TASK BRIEF: Copy word for word the lines of the records below, beginning at the one with "কাটার মাস্টার মুস্তাফিজ" and finishing at the one with "Hobby Tobby", ends included, but none of the pictures.

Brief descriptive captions

**********

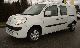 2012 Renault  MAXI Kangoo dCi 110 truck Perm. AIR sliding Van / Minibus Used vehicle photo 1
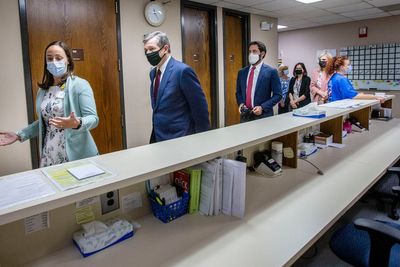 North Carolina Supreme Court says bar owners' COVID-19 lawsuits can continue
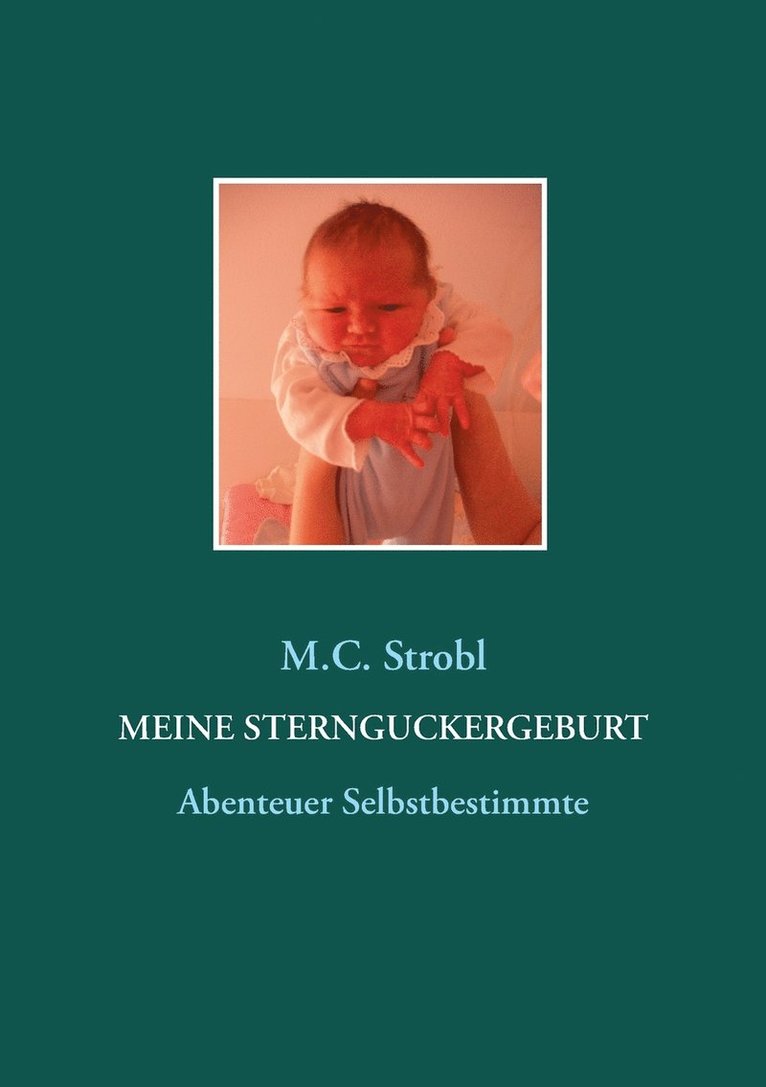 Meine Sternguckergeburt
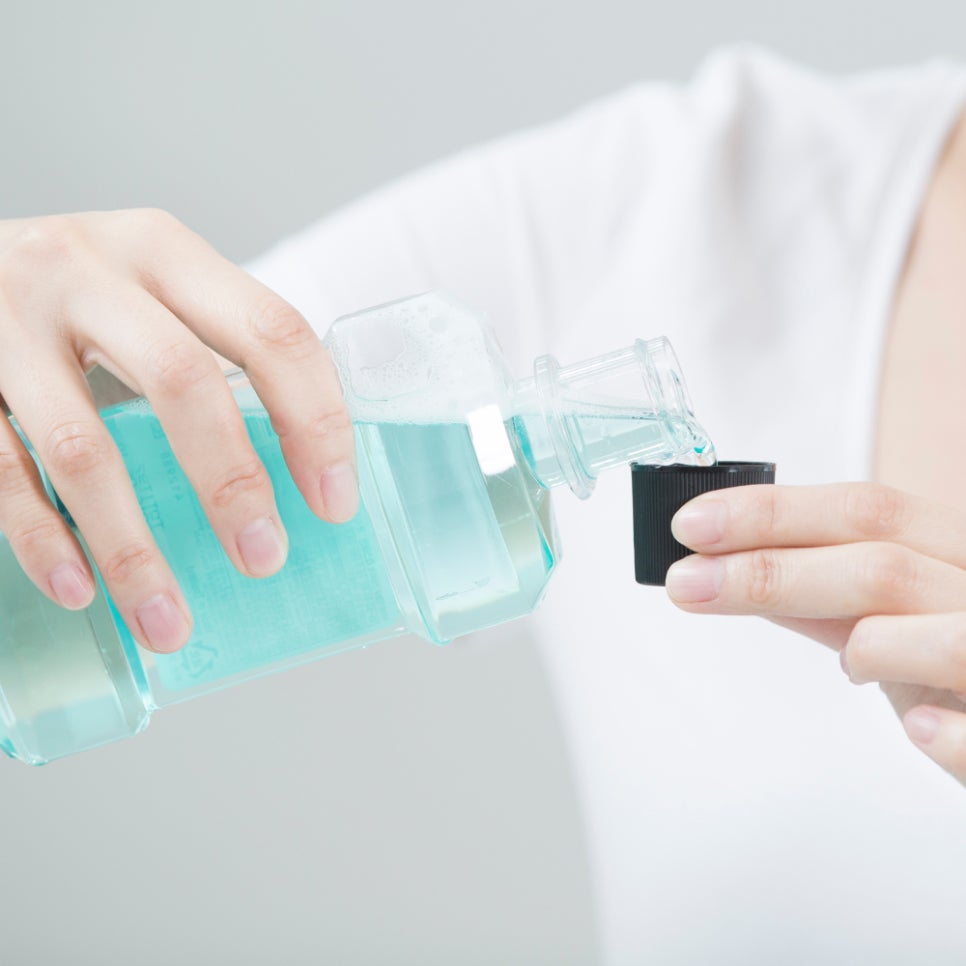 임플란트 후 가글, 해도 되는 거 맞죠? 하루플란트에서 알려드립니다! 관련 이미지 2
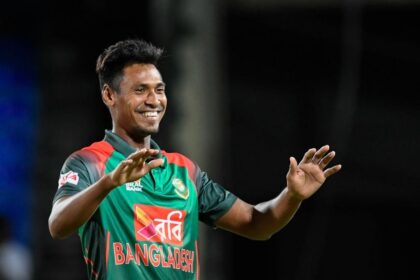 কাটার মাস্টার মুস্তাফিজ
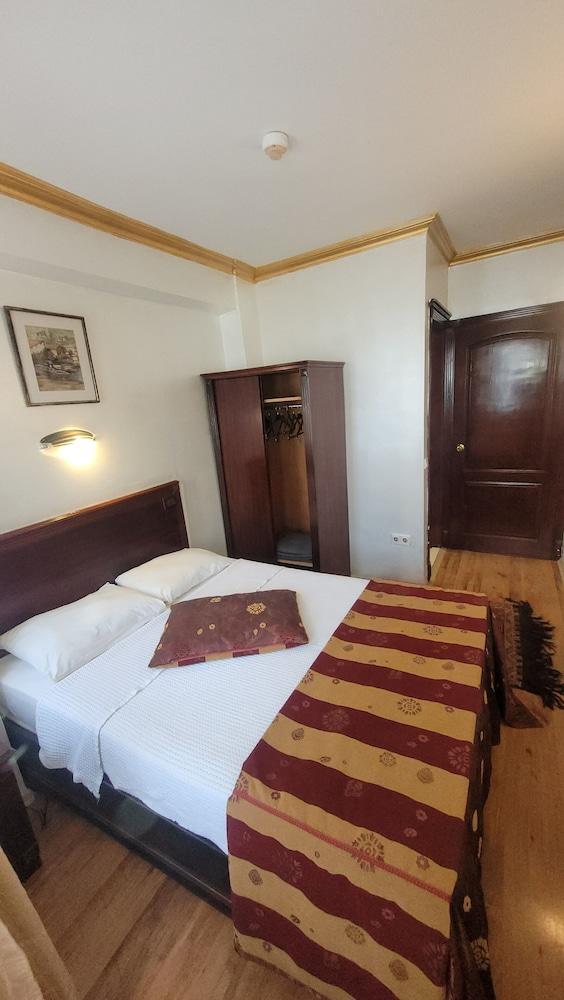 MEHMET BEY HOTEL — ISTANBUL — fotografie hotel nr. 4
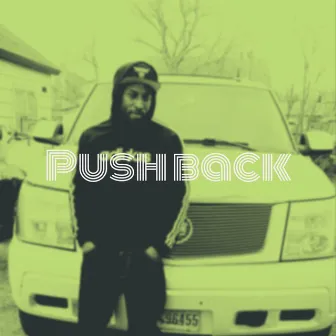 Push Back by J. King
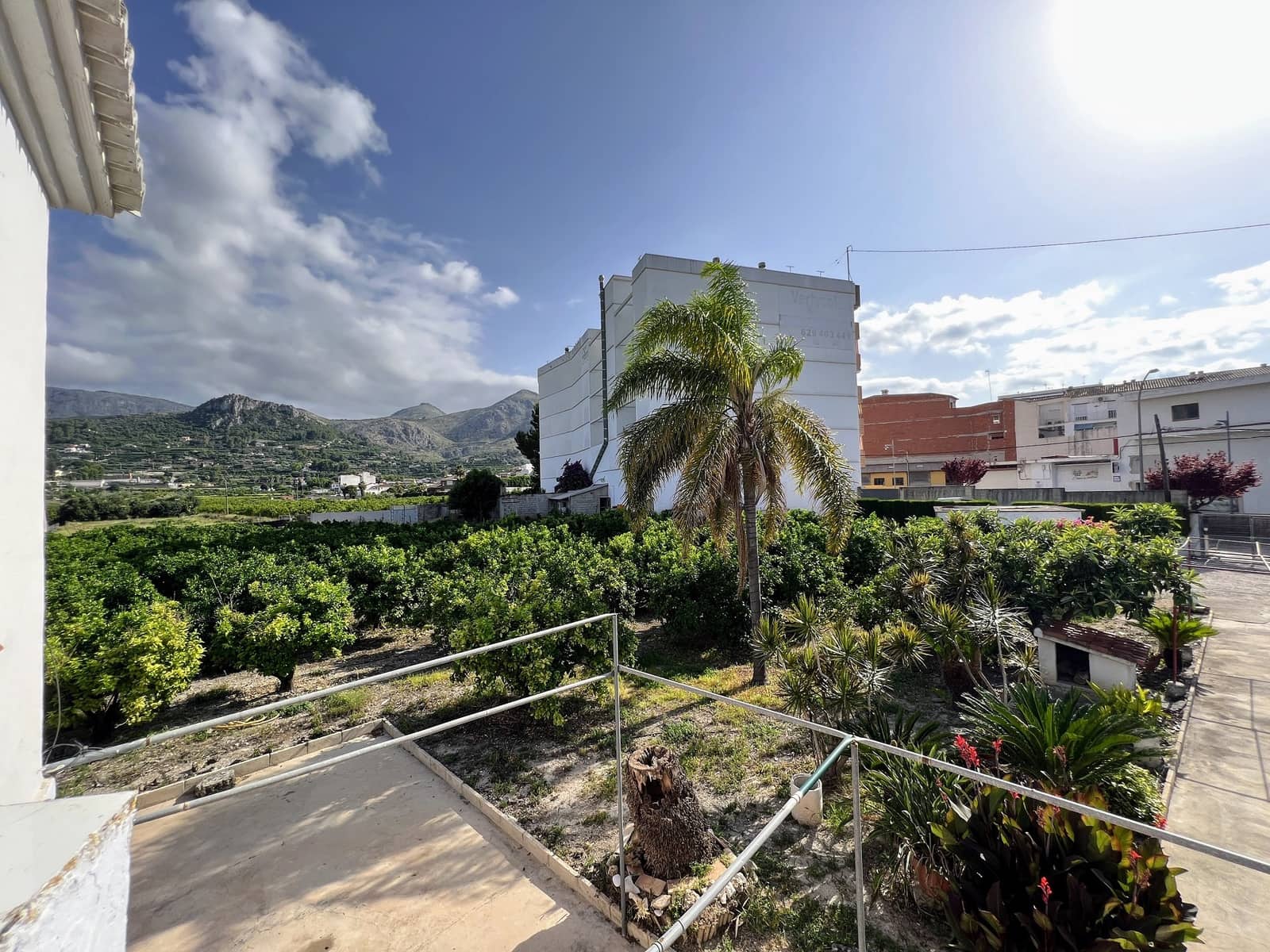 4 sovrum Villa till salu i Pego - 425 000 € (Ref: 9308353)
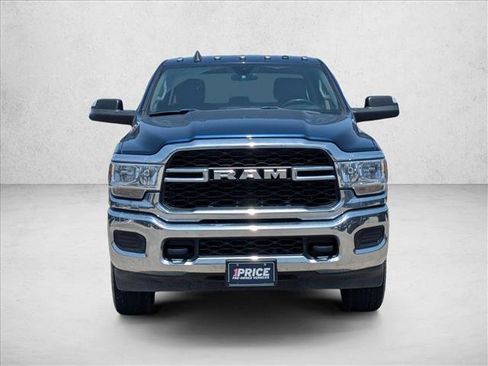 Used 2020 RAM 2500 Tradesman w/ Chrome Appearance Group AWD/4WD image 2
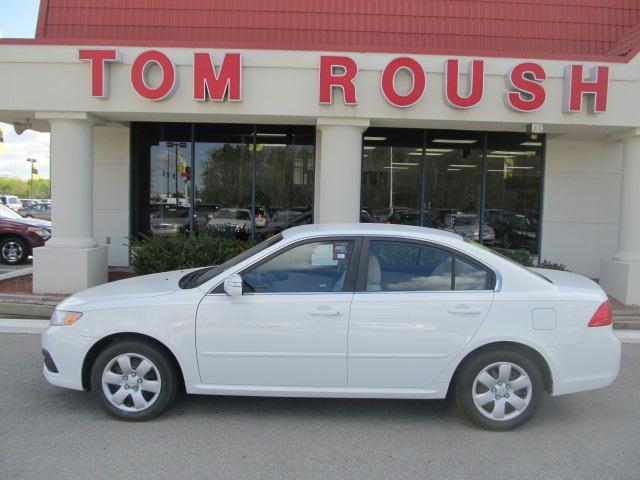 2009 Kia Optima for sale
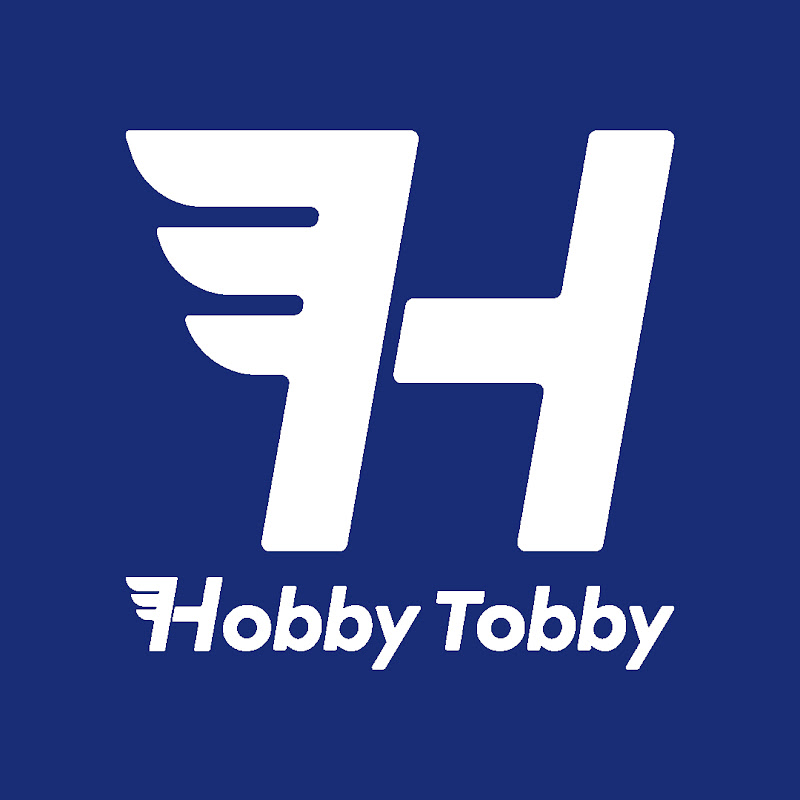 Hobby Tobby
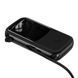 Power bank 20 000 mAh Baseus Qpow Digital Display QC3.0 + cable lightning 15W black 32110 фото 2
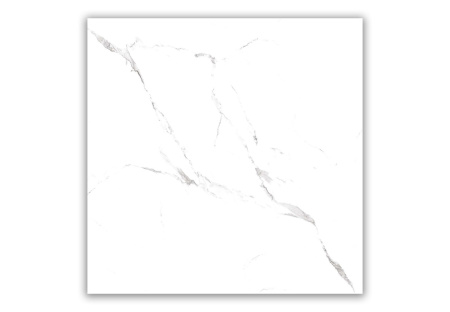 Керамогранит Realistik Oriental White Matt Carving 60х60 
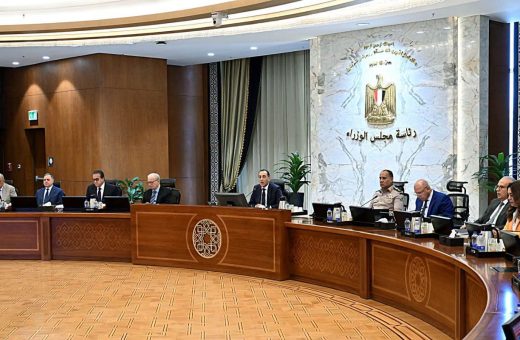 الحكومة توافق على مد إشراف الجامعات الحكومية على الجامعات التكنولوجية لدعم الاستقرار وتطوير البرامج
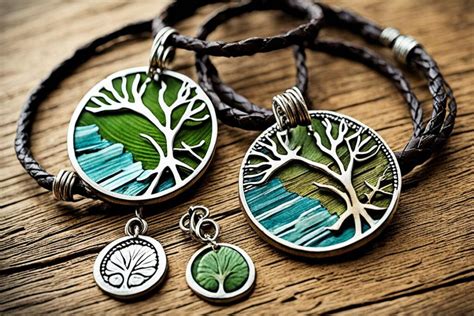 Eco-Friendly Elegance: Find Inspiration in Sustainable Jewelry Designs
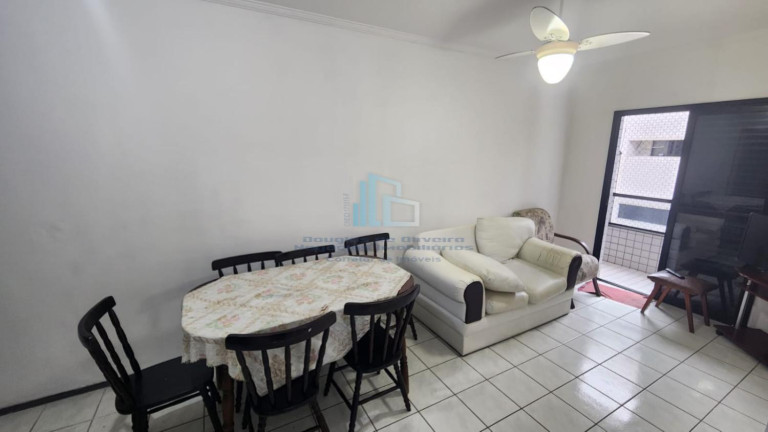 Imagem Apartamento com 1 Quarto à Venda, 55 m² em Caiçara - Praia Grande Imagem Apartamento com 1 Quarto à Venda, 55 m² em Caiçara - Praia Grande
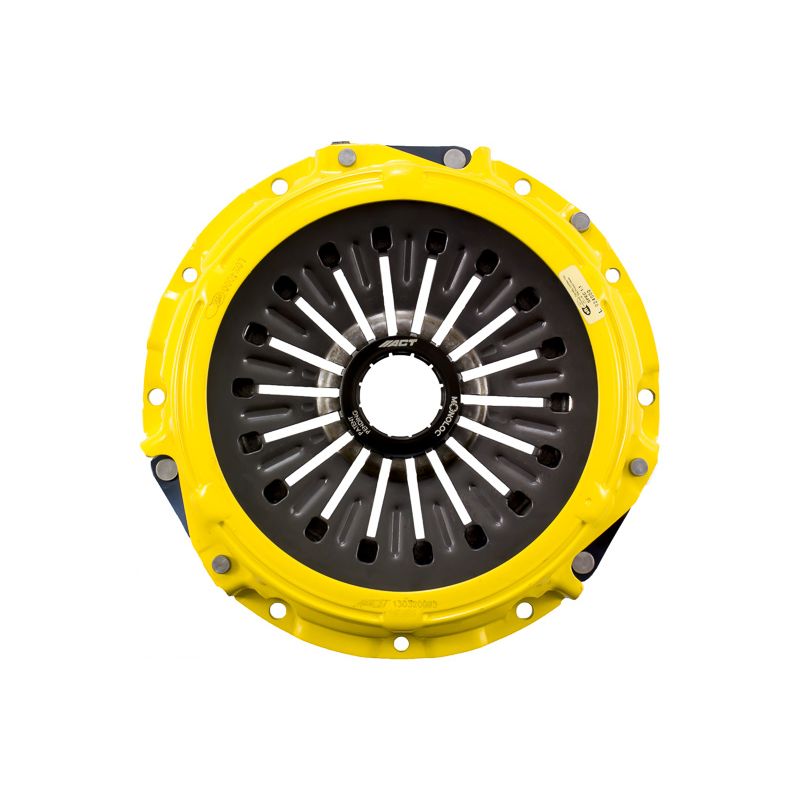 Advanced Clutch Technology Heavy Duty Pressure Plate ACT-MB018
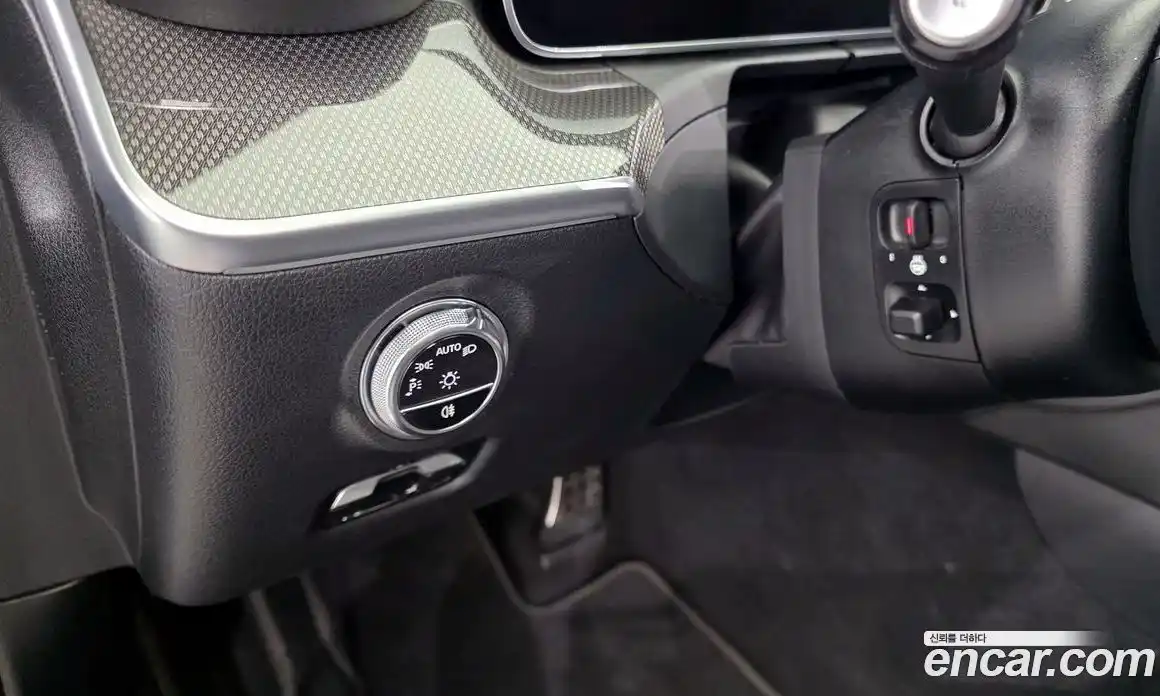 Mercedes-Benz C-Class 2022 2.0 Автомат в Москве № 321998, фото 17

**********

THE ANSWER:
 কাটার মাস্টার মুস্তাফিজ
 MEHMET BEY HOTEL — ISTANBUL — fotografie hotel nr. 4
 Push Back by J. King
 4 sovrum Villa till salu i Pego - 425 000 € (Ref: 9308353)
 Used 2020 RAM 2500 Tradesman w/ Chrome Appearance Group AWD/4WD image 2
 2009 Kia Optima for sale
 Hobby Tobby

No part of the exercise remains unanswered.